*Task statement*. Below are entries. Copy exactly the lines running from the line that holds "imageARTISTO Watercolor Pads" to the line that holds "Imagem de Camiseta", with both ends included.

*Excerpted data*.
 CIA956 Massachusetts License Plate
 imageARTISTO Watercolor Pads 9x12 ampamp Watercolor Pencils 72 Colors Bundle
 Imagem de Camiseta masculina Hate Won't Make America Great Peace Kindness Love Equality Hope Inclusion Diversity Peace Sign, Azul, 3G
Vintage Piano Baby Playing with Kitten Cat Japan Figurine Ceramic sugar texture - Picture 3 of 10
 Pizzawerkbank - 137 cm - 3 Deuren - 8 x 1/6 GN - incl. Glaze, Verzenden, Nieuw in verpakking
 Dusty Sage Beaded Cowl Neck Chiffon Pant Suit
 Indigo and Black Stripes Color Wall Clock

==

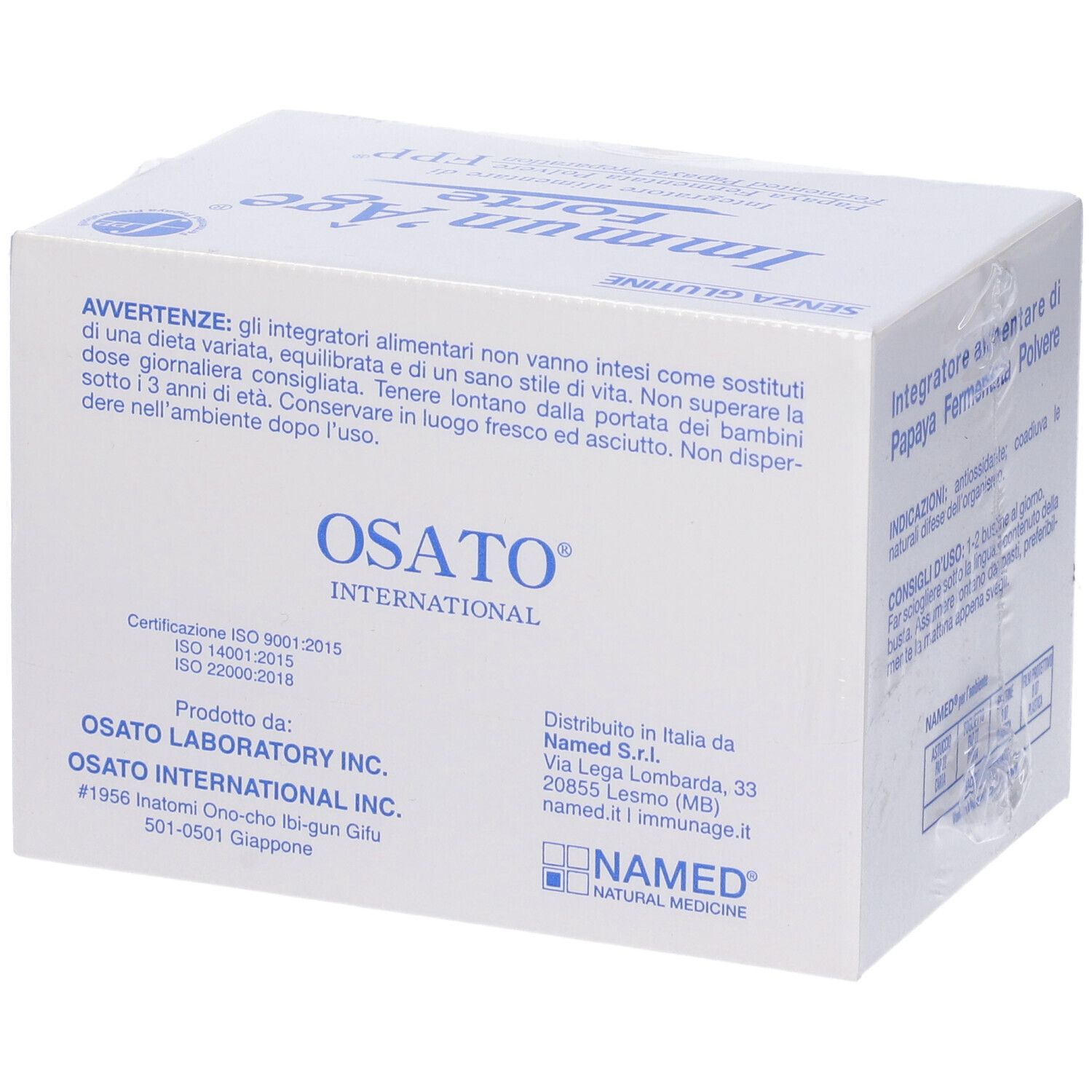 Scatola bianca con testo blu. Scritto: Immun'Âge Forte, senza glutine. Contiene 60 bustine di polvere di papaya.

*Solution below*.
 imageARTISTO Watercolor Pads 9x12 ampamp Watercolor Pencils 72 Colors Bundle
 Imagem de Camiseta masculina Hate Won't Make America Great Peace Kindness Love Equality Hope Inclusion Diversity Peace Sign, Azul, 3G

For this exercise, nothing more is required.